DATA TO EXAMINE Start Marker
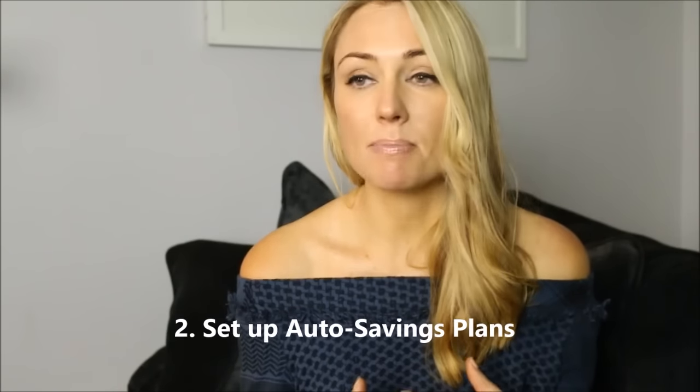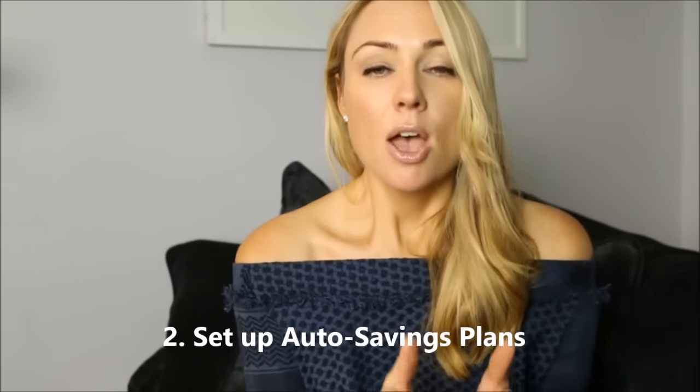Two: use automatic savings plans. If you have a particular financial goal that you're working towards, for example saving to buy a property, set up an automatic savings plan with your bank so that the moment you get paid, a set amount of money comes out automatically without you having to do or think about anything, and goes into a separate dedicated account. That way you have prioritized that goal over your spending habits and you don't need to waste time and energy remembering to shift that money.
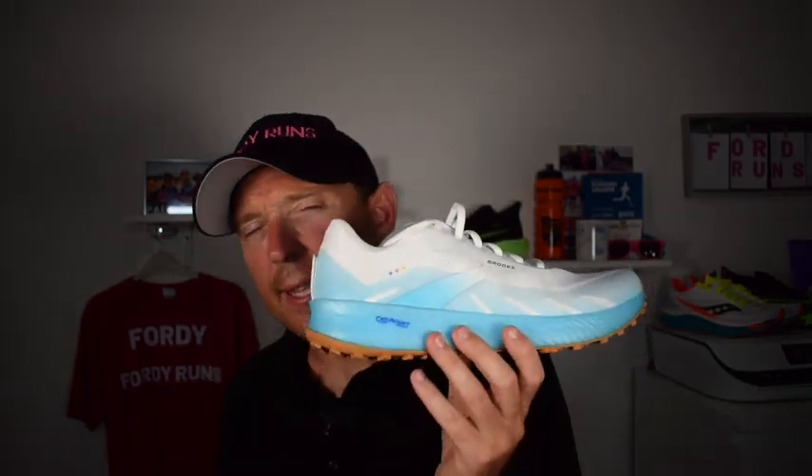I wanted to compare these two because I've been wearing both from road to trail. I was living in the Pegasus, but then the Catamount came out and I've really been digging it. Now you might not like the white upper — it's a bit nuts for a trail shoe and I totally understand that. They do collect dust, there's no two ways about it, and the white upper is going to annoy the hell out of you, especially at £125. Brooks' thing is that they want these to be seen as lived-in and to tell a story, which is kind of cool, but a white trail shoe is not the smartest choice.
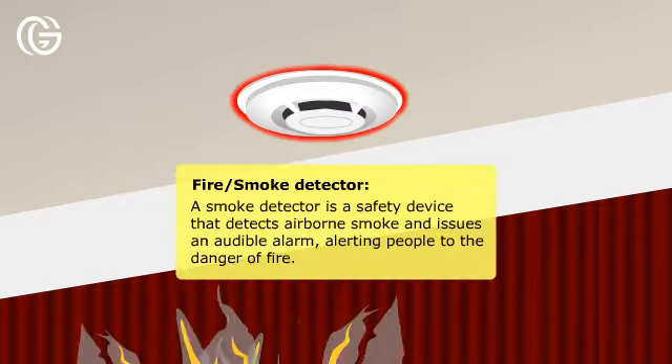Fire or smoke detector: a smoke detector is a safety device that detects airborne smoke and issues an audible alarm, alerting people to the danger of fire.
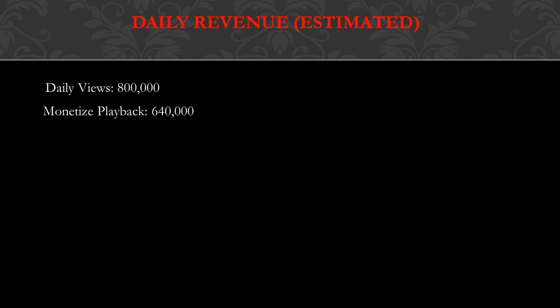Monetized playback is 80% of daily views, so 80% of eight hundred thousand is six hundred forty thousand. I chose 80% because from my own YouTube channel, 80% of my views were actually monetized. A monetized playback is whenever you see ads on a video — the video is monetized. People who use ad blockers don't see ads, so those views are not monetized. CPM is four dollars for every one thousand views, so daily income is monetized playback multiplied by CPM: six hundred forty thousand multiplied by $0.004 equals two thousand five hundred sixty dollars.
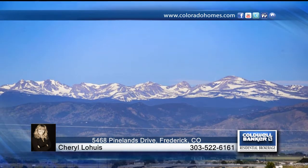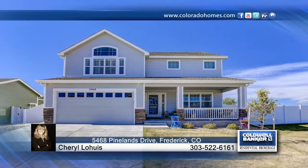Score big with this beautiful Frederick home with fabulous views. Contact Sheryl Lohais to find out more.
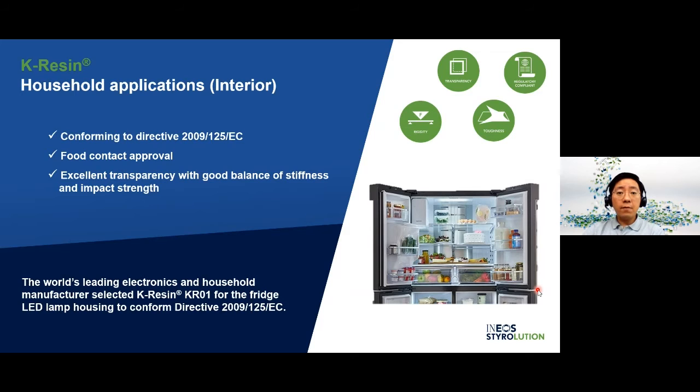This is an LED lamp cover application in refrigerator appliances. One of the world's leading electronics and household manufacturers is looking for a highly transparent material conforming to EU Directive 2009/125/EC, which outlines the eco-design requirements for refrigerator appliances by the European Commission. K-Resin KR01 possesses excellent transparency and high toughness, resulting in no breakage during the disassembly process as outlined in the eco-design requirements.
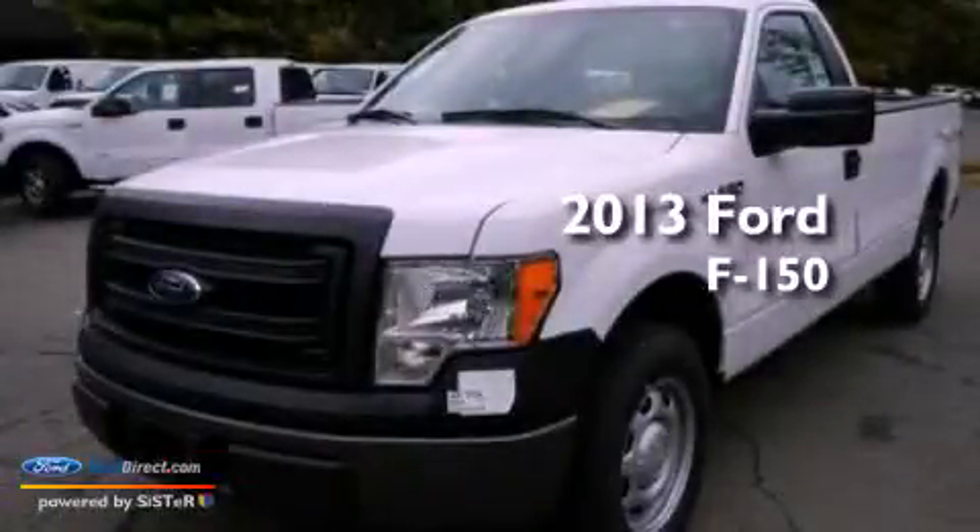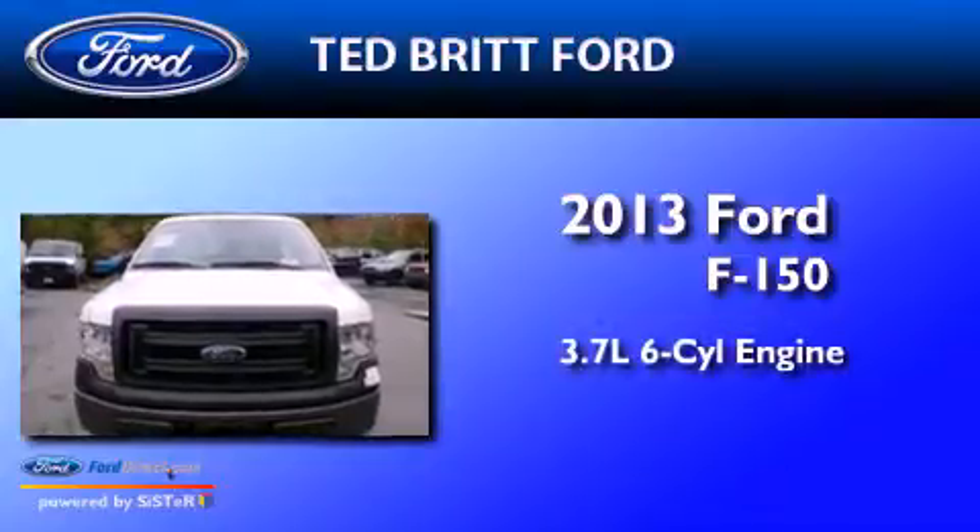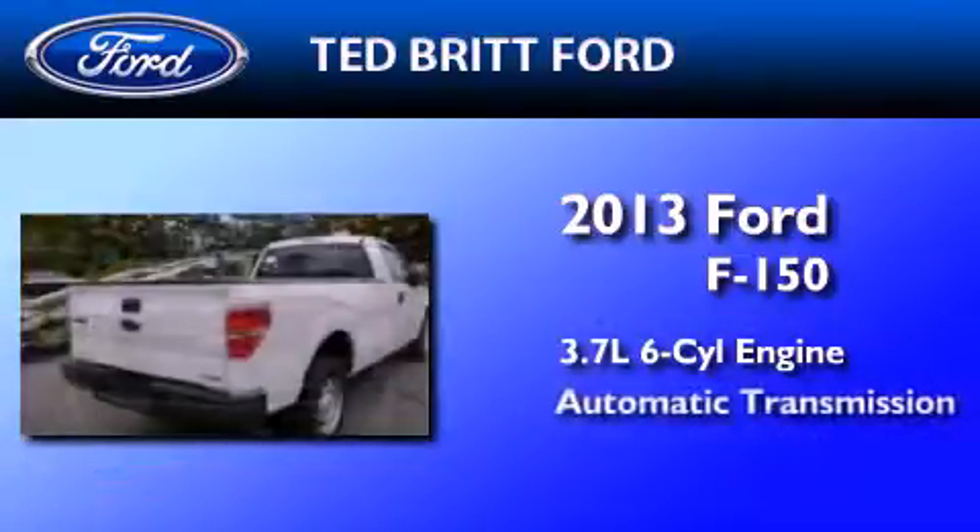This is a brand new 2013 Ford F-150. It has a 3.7-liter six-cylinder engine and an automatic transmission.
DATA TO EXAMINE End Marker
▸ **PROBLEM DESCRIPTION**:
From the line that contains "Score big with" through the last line of the entries, transcribe every line exactly, leaving out the pictures.

▸ **EXERCISE SOLUTION**:
Score big with this beautiful Frederick home with fabulous views. Contact Sheryl Lohais to find out more.
This is an LED lamp cover application in refrigerator appliances. One of the world's leading electronics and household manufacturers is looking for a highly transparent material conforming to EU Directive 2009/125/EC, which outlines the eco-design requirements for refrigerator appliances by the European Commission. K-Resin KR01 possesses excellent transparency and high toughness, resulting in no breakage during the disassembly process as outlined in the eco-design requirements.
This is a brand new 2013 Ford F-150. It has a 3.7-liter six-cylinder engine and an automatic transmission.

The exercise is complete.